### TO DO
Copy each line of the material below that includes the string "Modern".

### INFORMATION GIVEN

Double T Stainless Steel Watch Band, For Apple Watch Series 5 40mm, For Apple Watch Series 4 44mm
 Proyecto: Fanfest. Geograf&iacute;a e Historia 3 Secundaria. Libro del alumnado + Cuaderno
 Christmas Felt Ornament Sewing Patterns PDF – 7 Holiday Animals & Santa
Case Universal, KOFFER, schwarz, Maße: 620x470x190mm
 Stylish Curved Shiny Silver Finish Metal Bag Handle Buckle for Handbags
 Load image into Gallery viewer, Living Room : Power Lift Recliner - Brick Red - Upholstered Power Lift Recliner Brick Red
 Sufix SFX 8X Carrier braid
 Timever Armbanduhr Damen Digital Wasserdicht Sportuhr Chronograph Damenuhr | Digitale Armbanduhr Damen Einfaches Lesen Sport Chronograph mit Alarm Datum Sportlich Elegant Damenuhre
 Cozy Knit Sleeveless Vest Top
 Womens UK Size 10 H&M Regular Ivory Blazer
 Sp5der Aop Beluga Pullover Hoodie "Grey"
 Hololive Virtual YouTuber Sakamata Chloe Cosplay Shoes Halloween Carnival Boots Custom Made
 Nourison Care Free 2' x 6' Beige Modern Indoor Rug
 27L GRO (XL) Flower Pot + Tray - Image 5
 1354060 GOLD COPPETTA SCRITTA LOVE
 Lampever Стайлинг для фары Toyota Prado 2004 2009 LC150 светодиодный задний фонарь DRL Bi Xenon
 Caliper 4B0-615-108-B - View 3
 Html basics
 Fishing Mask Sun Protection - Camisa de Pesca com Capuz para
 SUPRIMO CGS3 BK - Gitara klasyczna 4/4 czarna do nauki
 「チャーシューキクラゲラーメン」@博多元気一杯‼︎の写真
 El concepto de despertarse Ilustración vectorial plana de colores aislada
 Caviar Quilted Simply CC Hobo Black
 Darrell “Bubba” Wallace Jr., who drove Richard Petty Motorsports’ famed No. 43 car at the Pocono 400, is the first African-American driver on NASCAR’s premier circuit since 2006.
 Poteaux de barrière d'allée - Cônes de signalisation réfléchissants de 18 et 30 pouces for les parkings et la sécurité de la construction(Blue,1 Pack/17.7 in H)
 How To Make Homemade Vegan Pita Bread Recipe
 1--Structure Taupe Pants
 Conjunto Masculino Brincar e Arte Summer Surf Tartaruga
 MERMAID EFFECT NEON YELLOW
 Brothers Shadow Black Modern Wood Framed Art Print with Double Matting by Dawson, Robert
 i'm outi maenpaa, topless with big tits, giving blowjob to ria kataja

### ANSWER TO THIS PROBLEM
 Nourison Care Free 2' x 6' Beige Modern Indoor Rug
 Brothers Shadow Black Modern Wood Framed Art Print with Double Matting by Dawson, Robert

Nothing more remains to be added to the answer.